Above I have presented my reasoning for why this might be. But I think what it tells us that genetic data can informs us when there is a demographic turnover, and therefore a cultural turnover, but it will miss cultural turnovers which don’t have demographic impacts. These are many. To give a few examples, the rise of Islam in South Asia and Southeast Asia, the Latinization of the Western Mediterranean, the de-Latinization of Britain after the withdrawal of Roman legion and before the mass arrival of Saxons, and arrival of Buddhism in East Asia. All these are massive historical and cultural events, but they would not be visible in the genetic record.

Addendum: The migration of the Slavs, Anglo-Saxons, and the Islamic Empires, all seem to differ from antiquity in having a major demographic impact. Why? In the case of massive institutional collapse, as in the first two cases, very old dynamics of inter-group competition arise, and famine probably does the rest of the trick.

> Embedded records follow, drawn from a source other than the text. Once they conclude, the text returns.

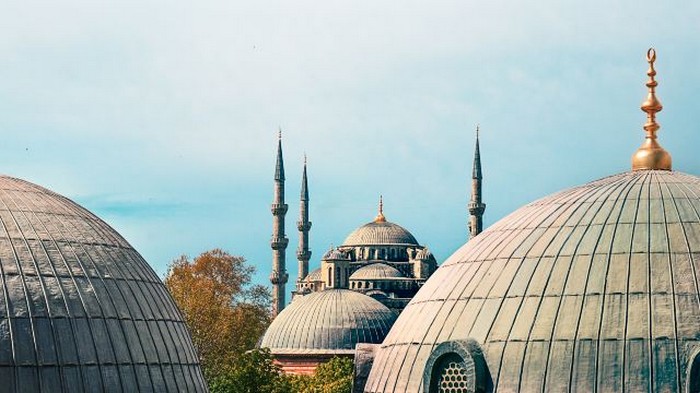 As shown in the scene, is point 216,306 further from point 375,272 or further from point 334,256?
point 375,272

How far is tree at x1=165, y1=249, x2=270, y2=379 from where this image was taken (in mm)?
68562

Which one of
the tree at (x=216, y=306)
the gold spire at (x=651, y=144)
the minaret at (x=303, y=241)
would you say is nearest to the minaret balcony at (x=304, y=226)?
the minaret at (x=303, y=241)

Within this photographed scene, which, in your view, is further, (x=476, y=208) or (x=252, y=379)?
(x=476, y=208)

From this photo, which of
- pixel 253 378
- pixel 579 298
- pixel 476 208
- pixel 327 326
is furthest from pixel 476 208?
pixel 579 298

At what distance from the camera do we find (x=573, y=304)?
24.7 meters

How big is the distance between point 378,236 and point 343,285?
2610 cm

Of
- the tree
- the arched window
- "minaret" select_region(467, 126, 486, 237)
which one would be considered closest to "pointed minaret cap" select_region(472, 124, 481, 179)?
"minaret" select_region(467, 126, 486, 237)

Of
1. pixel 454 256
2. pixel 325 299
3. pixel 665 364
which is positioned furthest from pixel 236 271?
pixel 665 364

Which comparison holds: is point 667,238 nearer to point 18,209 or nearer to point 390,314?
point 18,209

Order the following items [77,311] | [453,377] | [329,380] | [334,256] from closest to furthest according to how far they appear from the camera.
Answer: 1. [77,311]
2. [453,377]
3. [329,380]
4. [334,256]

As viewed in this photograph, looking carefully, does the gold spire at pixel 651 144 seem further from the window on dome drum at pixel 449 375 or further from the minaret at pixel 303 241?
the minaret at pixel 303 241

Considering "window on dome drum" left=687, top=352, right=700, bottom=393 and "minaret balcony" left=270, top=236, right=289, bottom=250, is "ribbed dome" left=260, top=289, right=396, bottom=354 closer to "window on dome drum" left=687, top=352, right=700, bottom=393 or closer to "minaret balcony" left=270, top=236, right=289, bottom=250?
"minaret balcony" left=270, top=236, right=289, bottom=250

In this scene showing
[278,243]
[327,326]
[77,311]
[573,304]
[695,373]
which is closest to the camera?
[695,373]

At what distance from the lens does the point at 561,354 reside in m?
24.2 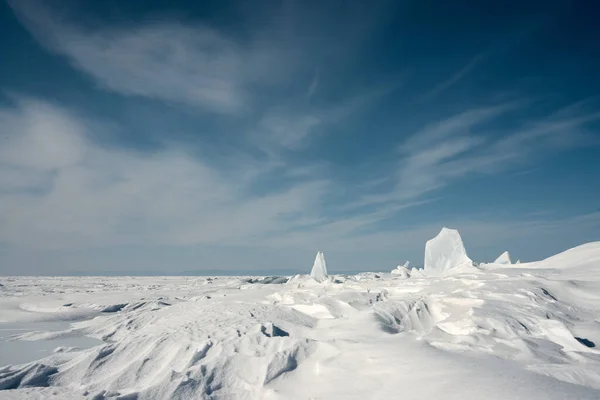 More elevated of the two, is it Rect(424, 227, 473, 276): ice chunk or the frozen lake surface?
Rect(424, 227, 473, 276): ice chunk

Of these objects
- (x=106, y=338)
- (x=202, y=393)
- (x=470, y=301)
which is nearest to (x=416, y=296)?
(x=470, y=301)

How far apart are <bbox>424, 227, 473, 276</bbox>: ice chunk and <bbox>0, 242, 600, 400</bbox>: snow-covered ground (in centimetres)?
704

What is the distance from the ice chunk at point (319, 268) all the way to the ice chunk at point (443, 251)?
512cm

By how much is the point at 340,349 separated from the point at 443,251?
13.6 metres

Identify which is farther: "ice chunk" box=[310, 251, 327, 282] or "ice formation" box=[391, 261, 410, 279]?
"ice formation" box=[391, 261, 410, 279]

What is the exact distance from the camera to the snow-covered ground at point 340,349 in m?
3.88

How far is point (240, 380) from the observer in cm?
454

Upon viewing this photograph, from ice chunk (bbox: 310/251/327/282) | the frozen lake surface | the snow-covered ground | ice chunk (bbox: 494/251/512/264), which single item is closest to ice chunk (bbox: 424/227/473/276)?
ice chunk (bbox: 494/251/512/264)

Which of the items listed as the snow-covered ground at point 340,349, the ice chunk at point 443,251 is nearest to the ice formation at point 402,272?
the ice chunk at point 443,251

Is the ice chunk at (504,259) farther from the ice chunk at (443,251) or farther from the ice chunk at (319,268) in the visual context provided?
the ice chunk at (319,268)

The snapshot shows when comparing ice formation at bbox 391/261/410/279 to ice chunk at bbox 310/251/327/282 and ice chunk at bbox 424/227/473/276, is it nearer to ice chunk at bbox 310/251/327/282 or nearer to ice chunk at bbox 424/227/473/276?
ice chunk at bbox 424/227/473/276

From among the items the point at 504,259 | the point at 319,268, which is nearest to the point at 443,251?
the point at 504,259

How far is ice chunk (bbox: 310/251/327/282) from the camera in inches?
680

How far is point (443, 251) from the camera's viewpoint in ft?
56.0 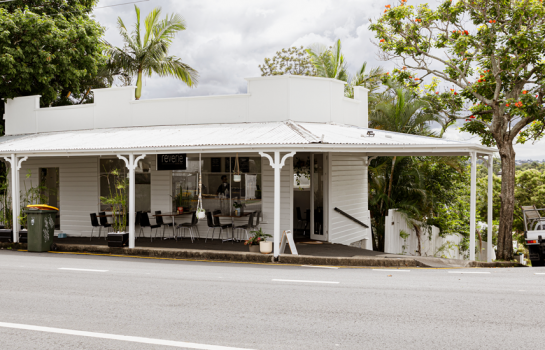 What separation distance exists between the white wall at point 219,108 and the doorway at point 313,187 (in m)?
1.20

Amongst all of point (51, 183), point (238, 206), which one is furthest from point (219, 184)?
point (51, 183)

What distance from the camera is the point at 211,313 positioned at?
6051 mm

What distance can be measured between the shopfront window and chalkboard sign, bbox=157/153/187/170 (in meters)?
0.19

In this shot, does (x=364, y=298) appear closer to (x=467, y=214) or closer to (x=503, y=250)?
(x=503, y=250)

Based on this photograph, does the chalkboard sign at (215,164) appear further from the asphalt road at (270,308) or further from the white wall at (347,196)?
the asphalt road at (270,308)

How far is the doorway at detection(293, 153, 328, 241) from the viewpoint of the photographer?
13.5 metres

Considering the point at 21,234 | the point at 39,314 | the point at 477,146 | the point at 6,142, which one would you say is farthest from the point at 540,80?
the point at 6,142

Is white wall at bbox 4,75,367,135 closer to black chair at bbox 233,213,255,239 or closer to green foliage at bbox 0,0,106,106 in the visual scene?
green foliage at bbox 0,0,106,106

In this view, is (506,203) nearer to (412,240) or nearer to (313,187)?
(412,240)

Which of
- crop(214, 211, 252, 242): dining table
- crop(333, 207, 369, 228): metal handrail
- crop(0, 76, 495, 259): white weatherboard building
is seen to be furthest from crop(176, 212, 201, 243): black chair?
crop(333, 207, 369, 228): metal handrail

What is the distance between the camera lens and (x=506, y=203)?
45.4 feet

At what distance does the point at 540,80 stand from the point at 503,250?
5.00 m

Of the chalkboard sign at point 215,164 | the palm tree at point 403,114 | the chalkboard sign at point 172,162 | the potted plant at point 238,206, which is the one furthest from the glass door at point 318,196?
the palm tree at point 403,114

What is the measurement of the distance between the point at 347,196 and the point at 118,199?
680 cm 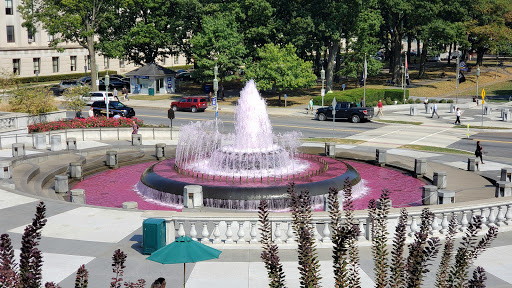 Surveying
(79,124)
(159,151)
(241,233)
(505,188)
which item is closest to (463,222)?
(241,233)

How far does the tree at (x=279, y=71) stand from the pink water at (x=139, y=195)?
31.6 meters

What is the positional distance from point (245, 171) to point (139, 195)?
5.01 meters

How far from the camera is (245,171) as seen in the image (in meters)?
29.6

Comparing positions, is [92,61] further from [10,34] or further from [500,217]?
[500,217]

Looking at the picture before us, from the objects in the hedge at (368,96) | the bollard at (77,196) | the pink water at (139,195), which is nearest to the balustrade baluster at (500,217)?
the pink water at (139,195)

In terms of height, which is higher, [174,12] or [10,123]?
[174,12]

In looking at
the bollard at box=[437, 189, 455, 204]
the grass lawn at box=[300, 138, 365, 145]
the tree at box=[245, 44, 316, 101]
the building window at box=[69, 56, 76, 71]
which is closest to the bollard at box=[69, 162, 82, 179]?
the bollard at box=[437, 189, 455, 204]

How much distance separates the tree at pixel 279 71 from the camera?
2623 inches

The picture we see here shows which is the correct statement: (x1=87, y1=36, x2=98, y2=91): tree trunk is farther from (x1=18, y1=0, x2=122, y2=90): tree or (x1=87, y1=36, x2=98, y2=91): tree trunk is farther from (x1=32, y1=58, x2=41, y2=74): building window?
(x1=32, y1=58, x2=41, y2=74): building window

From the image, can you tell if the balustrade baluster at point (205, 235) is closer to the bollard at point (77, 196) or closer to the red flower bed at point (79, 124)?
the bollard at point (77, 196)

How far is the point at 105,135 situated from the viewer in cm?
4450

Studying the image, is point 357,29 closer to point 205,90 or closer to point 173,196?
point 205,90

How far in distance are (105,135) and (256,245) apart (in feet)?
96.0

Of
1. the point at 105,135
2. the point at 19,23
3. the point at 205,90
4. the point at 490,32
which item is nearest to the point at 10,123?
the point at 105,135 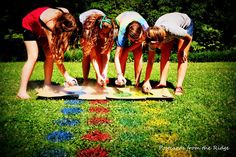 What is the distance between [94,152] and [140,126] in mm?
1057

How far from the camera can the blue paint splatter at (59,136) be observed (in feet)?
12.6

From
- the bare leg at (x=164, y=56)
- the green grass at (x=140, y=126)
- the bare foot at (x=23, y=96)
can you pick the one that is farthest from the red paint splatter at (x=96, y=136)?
the bare leg at (x=164, y=56)

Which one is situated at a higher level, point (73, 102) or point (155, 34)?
point (155, 34)

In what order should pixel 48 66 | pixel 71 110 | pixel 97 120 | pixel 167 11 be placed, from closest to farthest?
pixel 97 120, pixel 71 110, pixel 48 66, pixel 167 11

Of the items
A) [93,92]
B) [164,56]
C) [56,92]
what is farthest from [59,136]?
[164,56]

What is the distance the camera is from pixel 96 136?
13.0ft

For Islam, it was a genuinely cosmopolitan civilization, with a more complex gradation between free and slave than in antiquity. Though it was quite brutal, African and Turkish slaves became free, and their genetic impact can be seen throughout the Islamic world.
* Like Spain, a substantial proportion of the Sicilian gene flow exchange is almost certainly due to the Islamic period. There are segments of North African and Sub-Saharan ancestry in Sicilians, albeit to a smaller extent than in Spain (in keeping with the shorter time period as part of the Islamic world).